Unfortunate line of demarcation

Unfortunately, despite the significant contributions Caribbean Americans have made to America, and American Black History, a stubborn historical line of demarcation persists between Caribbean and African-Americans.

One of problems mitigating against a more effective unity is the difference in heritage of the two communities. Some American Blacks harbor the opinion that Caribbean migrants never really understood their bitter experience from slavery, through Jim Crow segregation and the struggles for, and after gaining, Civil Rights. On the other hand, Caribbean migrants remain proud of their Caribbean heritage, seeking to be identified as an autonomous ethnic bloc, separate from the African-American community.

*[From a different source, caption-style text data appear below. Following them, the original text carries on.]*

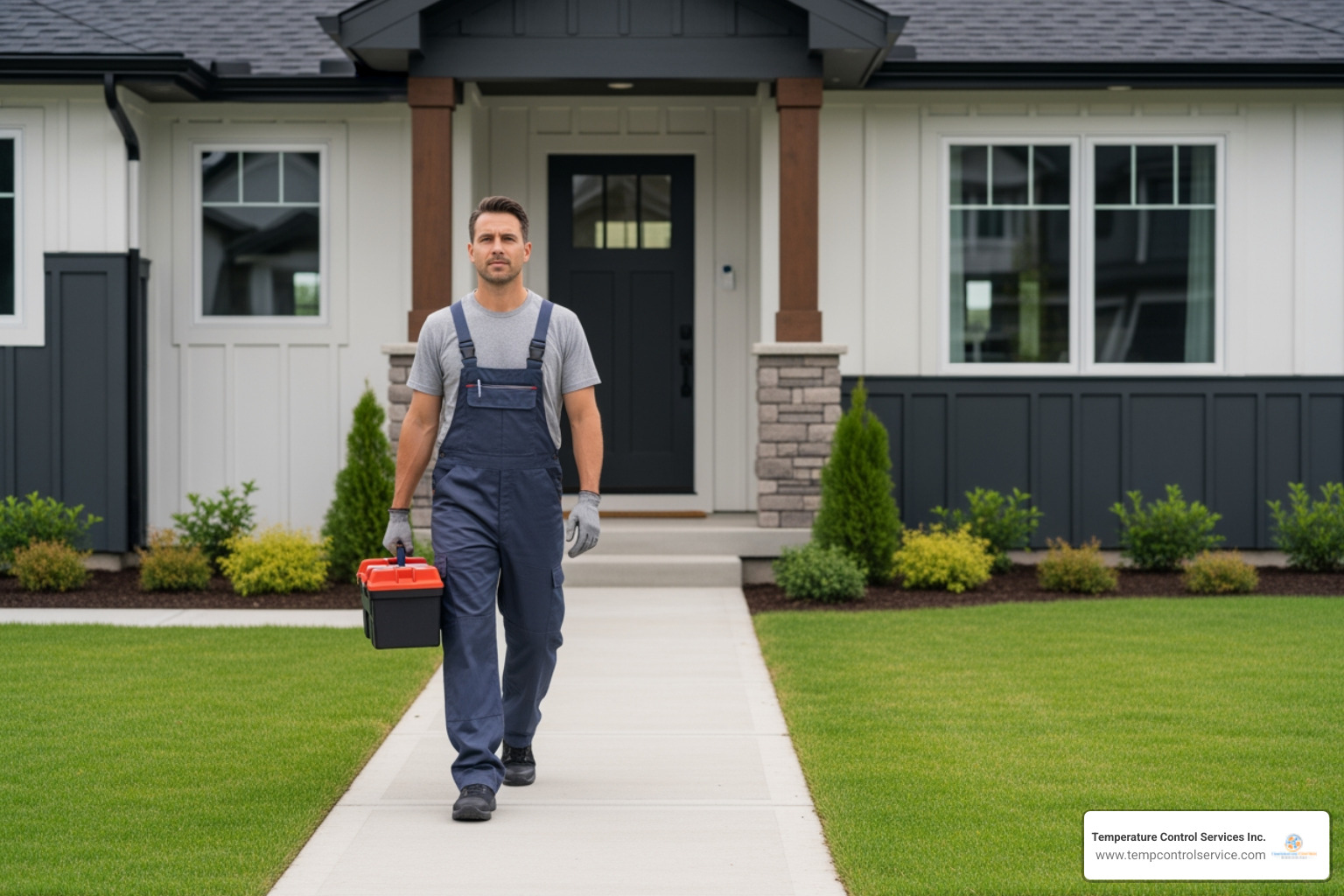 I need emergency HVAC repair in Cary, NC. Who is available right now?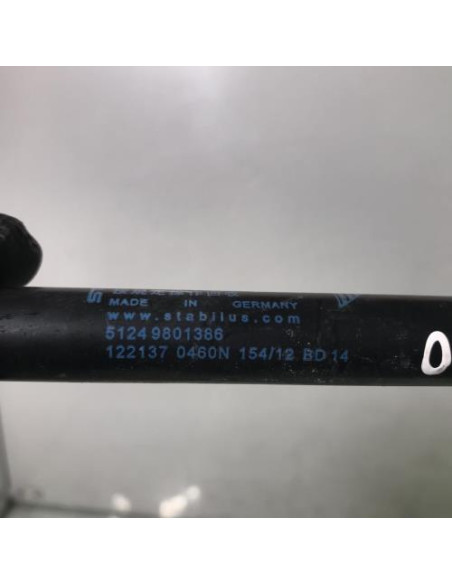 Verin de coffre MINI MINI 2 R60 COUNTRYMAN BREAK Diesel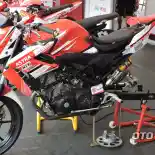 Ohlins Beri Dukungan Teknis Sampai ke Lintasan Balap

Advocates seeking after a homogeneous black race believe  that while it’s important for the broad Caribbean community to have its own autonomy, it’s also important that the community not alienate itself from the African-American community.

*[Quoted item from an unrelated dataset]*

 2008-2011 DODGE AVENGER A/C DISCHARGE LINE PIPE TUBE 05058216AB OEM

To some extent, the historical experience of migrants from the English-speaking Caribbean is different from American born blacks.  These migrants experienced comparatively less racial prejudice or segregation living in the Caribbean. So, it’s imperative that Caribbean migrants seek to learn and understand the African-American experience, and vice versa, for the two communities to have a stronger appreciation of each other.

Share similar roots in Africa

Undoubtedly, the roots of Caribbean and African-Americans are in the soil of Africa.  Although the experiences from the day the first slave ship sailed from Africa to North America and the Caribbean are different, both groups share a common experience coexisting in America. Caribbean- Americans are engrained in Black history, and Caribbean- American and African-American history is engrained in American history. Moreover, the development of the Caribbean-American community has strengthened the political impact of America’s Black community.

The American Black community has the potential to be stronger the more African-Americans and Caribbean migrants assimilate. After all, America recognizes one Black race, celebrates one Black history, irrespective of the origins of those who comprise this race.